==== DATA TO EXAMINE
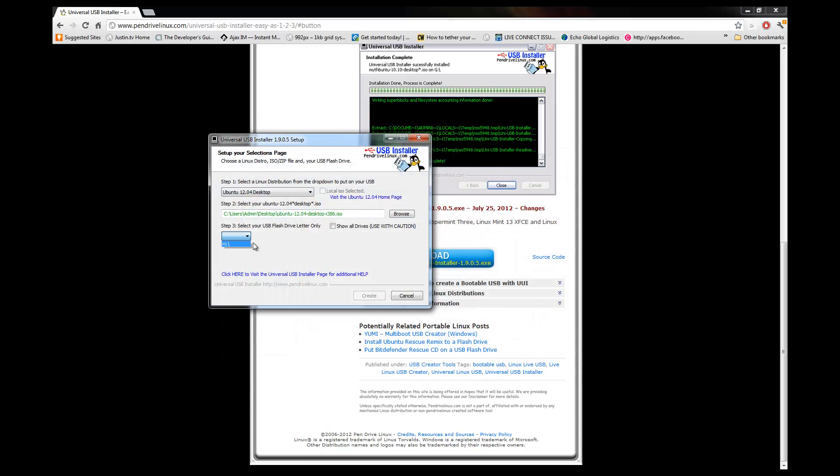We're going to select our thumb drive. So I put one in that's 4GB. It is H, and I know it's H because I looked. Make sure you look guys. Don't format just any number in here and assume that it's going to be alright.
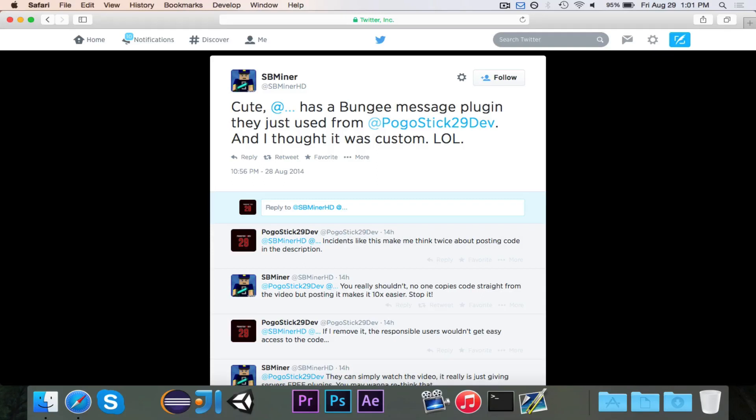Pogo here. I had an interesting conversation on Twitter last night with one of my subscribers. Basically, here's how it went.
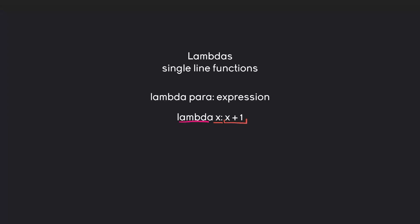Inside of the function we are just adding x plus one. And an important thing about lambdas is that the result of this expression is returned automatically. Meaning when we are passing 10 in here this lambda function returns 11 automatically.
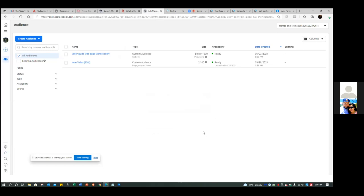That would be an audience you start building from ad number two onward. Every ad from this point on, these are people landing on the page but not opting in. Put them all in this audience and show them another ad. That's the web page visitors only audience. Now let's click the blue button to create the next audience.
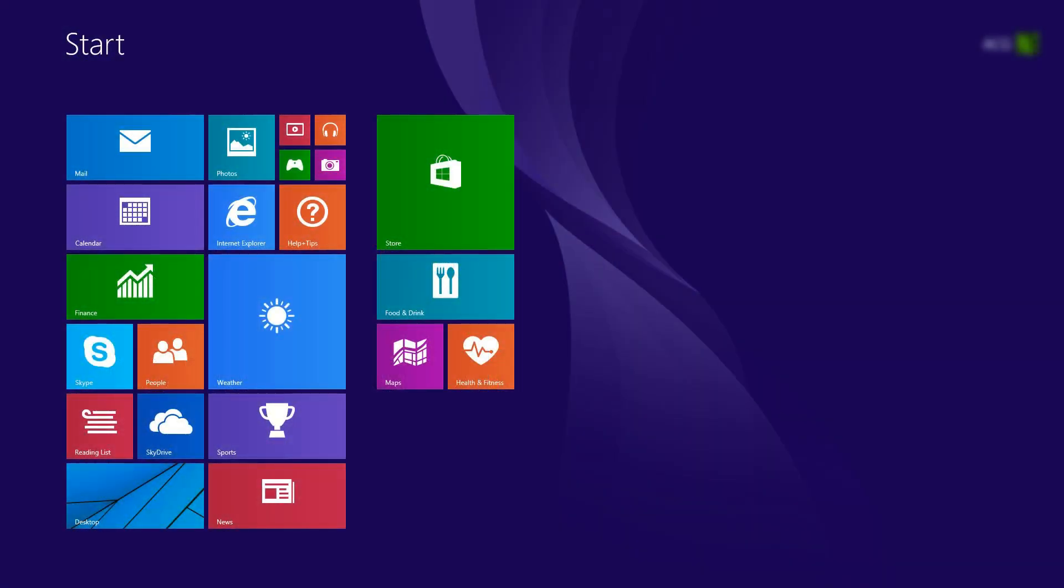In this video, we will use a mouse to select items. If you are using a touchscreen computer, you will tap the selection whenever the video says click.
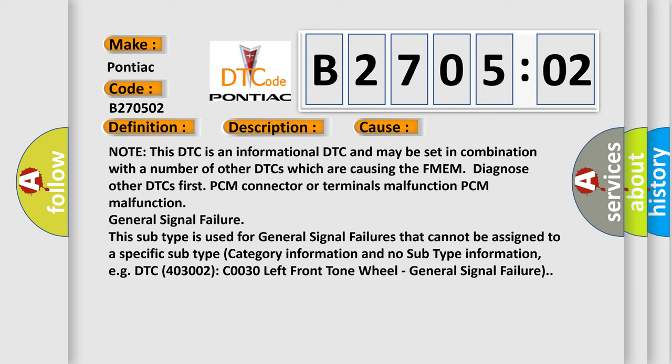PCM connector or terminals malfunction, PCM malfunction, general signal failure. This subtype is used for general signal failures that cannot be assigned to a specific subtype category information and no subtype information. For example, DTC 4003002, C0030 left front tone wheel, general signal failure.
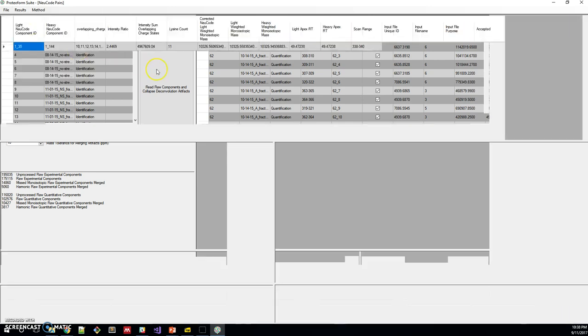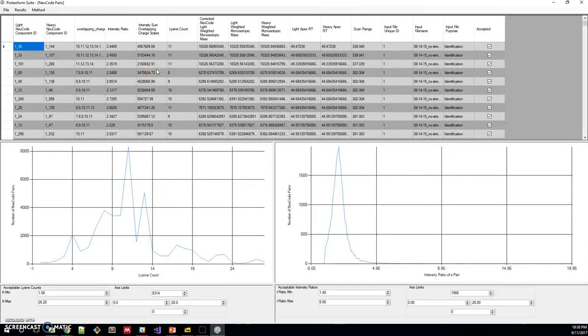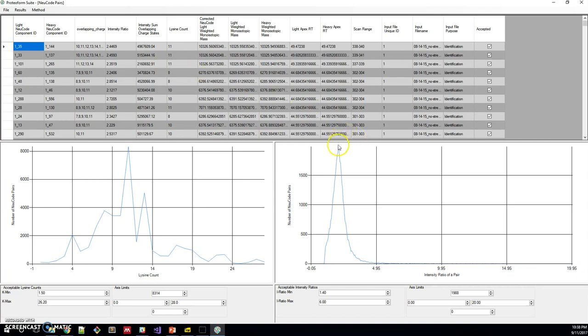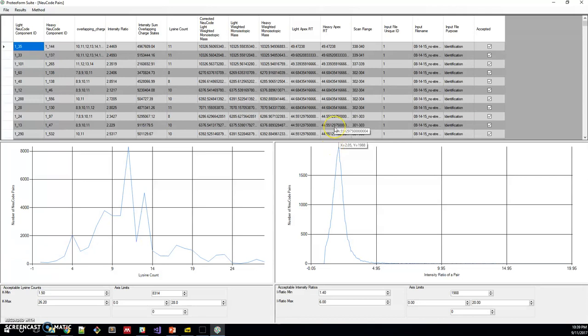Then we pair. For identifying proteoforms, we pair masses with a 2 to 1 neucode labeled ratio by design. You can see that these are the neucode pairs and the peak intensity ratio is just about 2.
========
Look above for the line with "Pogo here. I", then give again exactly every line from there through the line with "In this video, we", skipping the pictures.

Pogo here. I had an interesting conversation on Twitter last night with one of my subscribers. Basically, here's how it went.
Inside of the function we are just adding x plus one. And an important thing about lambdas is that the result of this expression is returned automatically. Meaning when we are passing 10 in here this lambda function returns 11 automatically.
That would be an audience you start building from ad number two onward. Every ad from this point on, these are people landing on the page but not opting in. Put them all in this audience and show them another ad. That's the web page visitors only audience. Now let's click the blue button to create the next audience.
In this video, we will use a mouse to select items. If you are using a touchscreen computer, you will tap the selection whenever the video says click.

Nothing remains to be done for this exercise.